I hope no one will suppose that I am interested in Jaimy Gordon because she was once my student. That was long ago and, besides, it was clear from the beginning that she had nothing to learn from me.

Her oeuvre is rather small (still, of course, unfinished): there are to date three novels, a novella, a book-length poem, and enough shorter work in a variety of genres to fill, if collected, another volume.

Jaimy Gordon was born in Baltimore, went to college at Antioch, afterwards lived in California, was one of the first students in the graduate writing program at Brown, stayed on in what turned out to be a short-lived program to get the degree Doctor of Arts. (Only three altogether were ever granted—the other two went to Hank Hine and Gayl Jones.) After a few more years in Providence, working a while for the State Arts Council, she left to teach at Western Michigan University in Kalamazoo, where she runs the creative writing program.
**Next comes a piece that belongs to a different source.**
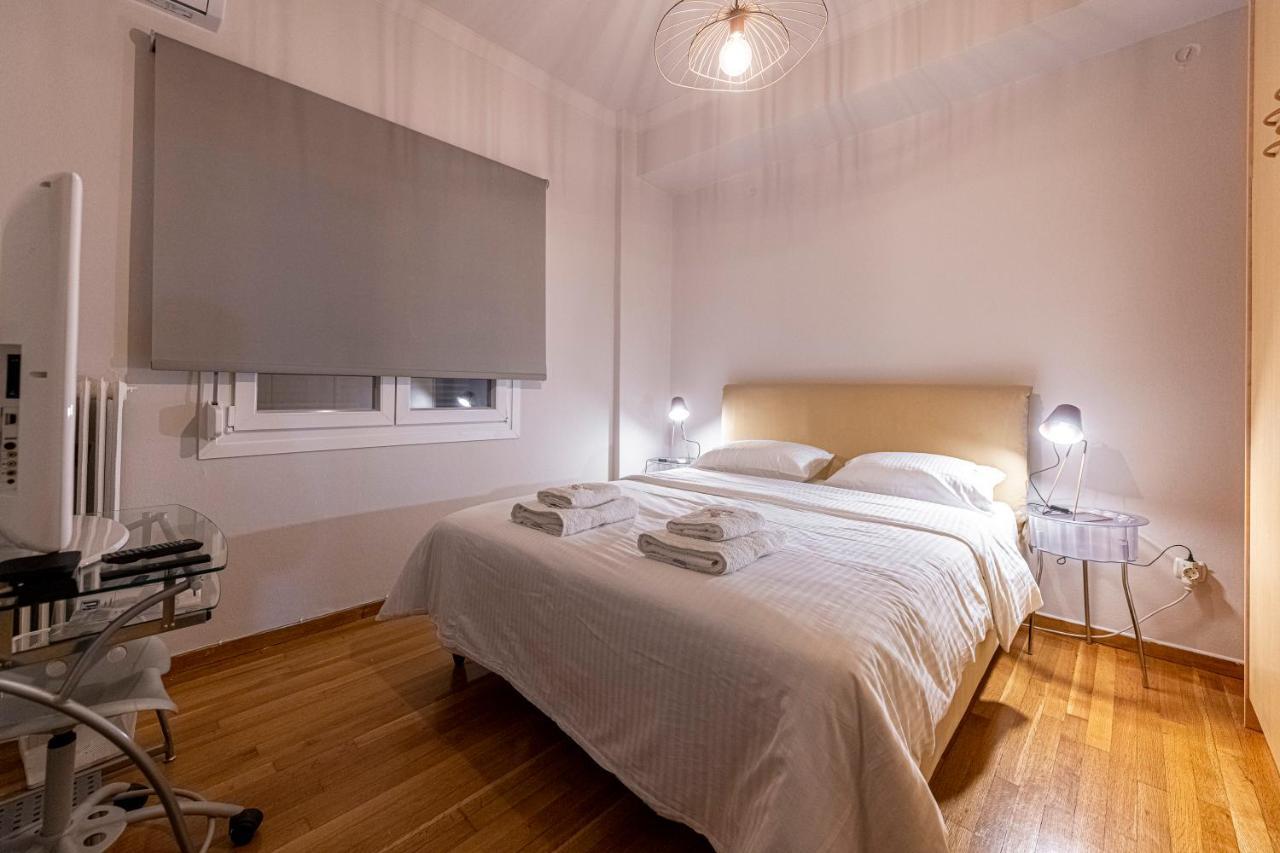 Alopece City Apartment - Kolonaki Athén Kültér fotó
I’m sure she has lived elsewhere. At some point, for instance, there was a stay in West Virginia. She is not easy to keep track of.

She Drove Without Stopping (1990—I am not keeping to chronology) seems to follow the main stops of its author’s itinerary. In this novel, Jane Turner immediately presents herself as thinking of murdering her father. It is a Bildungsroman, in which Jane tries every way she can think of to eliminate her father, which is impossible, since her father is part of her.

On page 31, the narrator moves from first to third person and becomes "The Adventuress." Still a child, she has begun to experience her own life as a story told. Throughout her account, it is often repeated that she was the "happiest of infants," a happiness blasted by the sense that her father has rejected her. At twelve (many of her most important memories go back to this particular age), she

    raised her head, having sniffed something in the air, and then she felt something warm and fragrant, but distinct, brush her as it passed by. It was her spirit, which had seemed so beautiful to her in the beginning. And it still did, but it was going on without her. Jane, amateur of horror, saw what had happened. She was the opposite of possessed; she was vacated. And when escape began to beckon to her during this period, the idea was always to catch up to the happiness she had been born to.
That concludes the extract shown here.